I've stored my training and validation data on two separate TFRecord files, in which I store 4 values: signal A (float32 shape (150,)), signal B (float32 shape (150,)), label (scalar int64), id (string). My parsing function for reading is:

def _parse_data_function(sample_proto):

    raw_signal_description = {
        'label': tf.io.FixedLenFeature([], tf.int64),
        'id': tf.io.FixedLenFeature([], tf.string),
    }

    for key, item in SIGNALS.items():
        raw_signal_description[key] = tf.io.FixedLenFeature(item, tf.float32)

    # Parse the input tf.Example proto using the dictionary above.
    return tf.io.parse_single_example(sample_proto, raw_signal_description)

where SIGNALS is a dictionary mapping signal name->signal shape.

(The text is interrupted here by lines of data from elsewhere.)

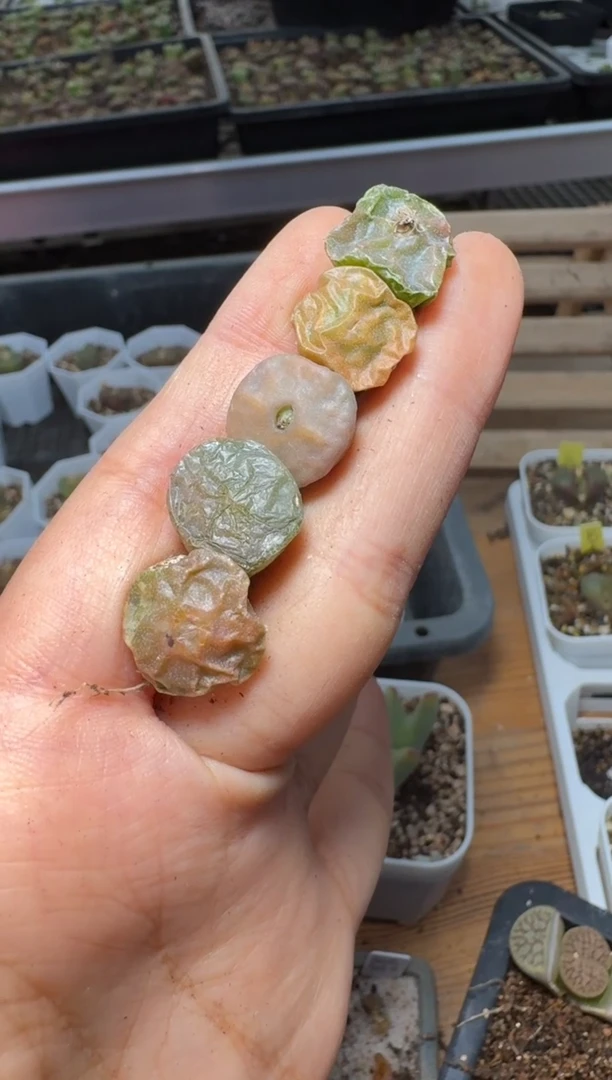 【闪购商品】不退1.14-462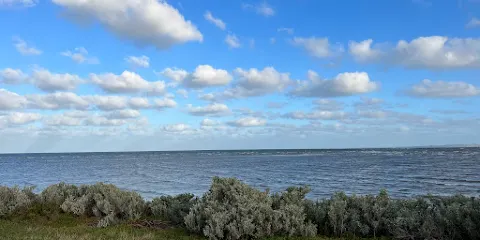 Little River Bird Hide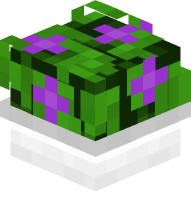 Potted Bush with Purple Flowers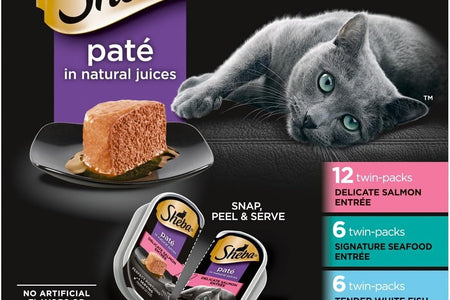 Perfect Portions Paté Wet Cat Food Tray Variety Packs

Then, I read the raw datasets:

training_raw = tf.data.TFRecordDataset(<path to training>), compression_type='GZIP')
val_raw = tf.data.TFRecordDataset(<path to validation>), compression_type='GZIP')

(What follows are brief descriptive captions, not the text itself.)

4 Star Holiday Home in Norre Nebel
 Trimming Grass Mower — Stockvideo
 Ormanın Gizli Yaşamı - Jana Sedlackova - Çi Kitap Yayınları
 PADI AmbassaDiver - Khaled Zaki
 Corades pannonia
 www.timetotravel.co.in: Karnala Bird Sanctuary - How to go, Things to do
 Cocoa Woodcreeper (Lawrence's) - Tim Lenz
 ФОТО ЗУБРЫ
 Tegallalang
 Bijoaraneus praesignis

and use map to parse the values:

training_data = training_raw.map(_parse_data_function)
val_data = val_raw.map(_parse_data_function)

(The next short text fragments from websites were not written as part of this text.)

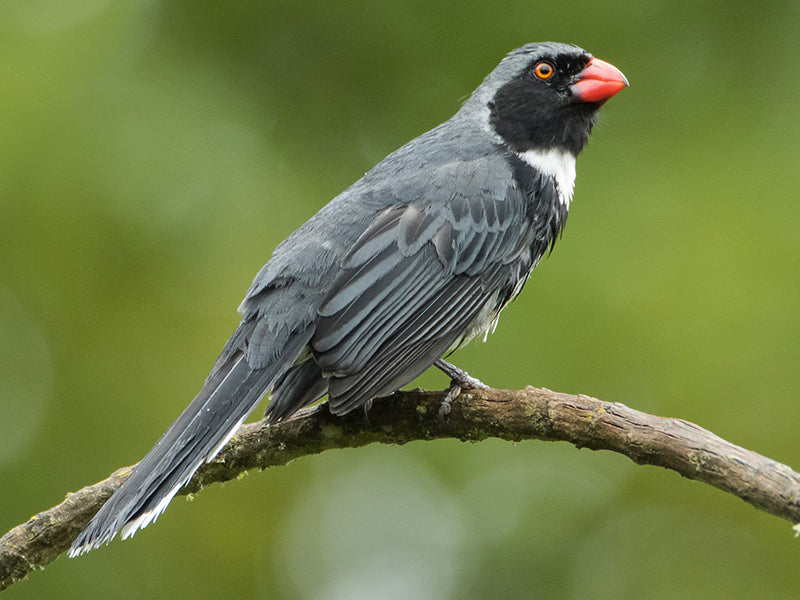 Masked Saltator, Saltator cinctus, Saltador Chusquero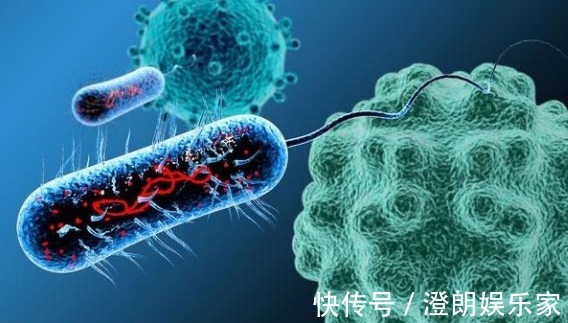 癌症|辟谣总听到“夫妻癌、兄弟癌”,癌症还会传染吗了解一下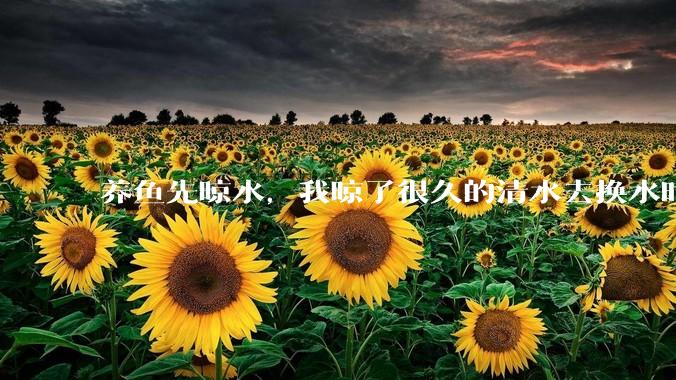 养鱼先晾水，我晾了很久的清水去换水时，发现居然全发霉了，想不明白，求解？
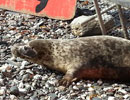 Seal Release - 24th May 2013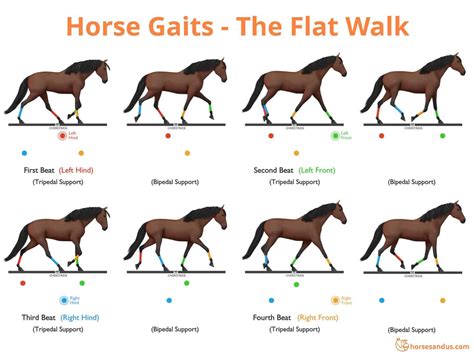 Flat Shod Tennessee Walking Horses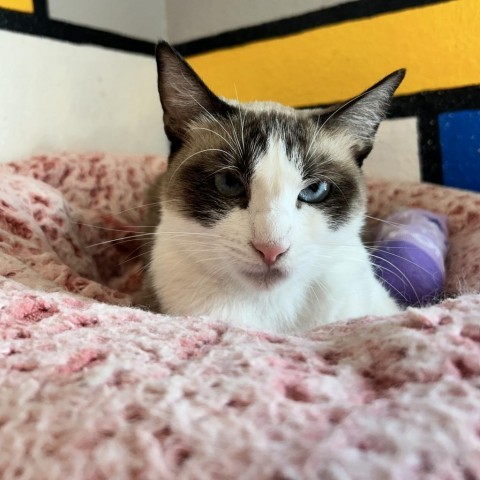 Coral Reef, an adoptable Domestic Short Hair, Snowshoe in Los Angeles, CA, 90018 | Photo Image 4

Displaying the header of training_data or val_data, I get:

<MapDataset shapes: {Signal A: (150,), Signal B: (150,), id: (), label: ()}, types: {Signal A: tf.float32, Signal B: tf.float32, id: tf.string, label: tf.int64}>

which is pretty much as expected. I also checked some of the values for consistency and they seemed to be correct.

Now, to my issue: how do I get from the MapDataset, with the dictionary like structure, to something that can be given as input to the model?

The input to my model is the pair (Signal A, label), though in the future I will use Signal B as well.

The simplest way to me seemed to create an generator over the elements that I want. Something like:

def data_generator(mapdataset):
    for sample in mapdataset:
        yield (sample['Signal A'], sample['label'])

However, with this approach I lose some convenience of Datasets, such as batching, and it is also not clear how to use the same approach for the validation_data paramenter of model.fit. Ideally, I would only convert between the map representation and the Dataset representation where it iterates over pairs of Signal A tensors and labels.

EDIT: My end product should be something with a header akin to: <TensorSliceDataset shapes: ((150,), ()), types: (tf.float32, tf.int64)> But not necessarily TensorSliceDataset


Solution

  • You can simply do this in the parse function. For example:

    def _parse_data_function(sample_proto):
    
        raw_signal_description = {
            'label': tf.io.FixedLenFeature([], tf.int64),
            'id': tf.io.FixedLenFeature([], tf.string),
        }
    
        for key, item in SIGNALS.items():
            raw_signal_description[key] = tf.io.FixedLenFeature(item, tf.float32)
    
        # Parse the input tf.Example proto using the dictionary above.
        parsed = tf.io.parse_single_example(sample_proto, raw_signal_description)
    
        return parsed['Signal A'], parsed['label']
    

    If you map this function over the TFRecordDataset, you will have a dataset of tuples (signal_a, label) instead of a dataset of dictionaries. You should be able to put this into model.fit directly.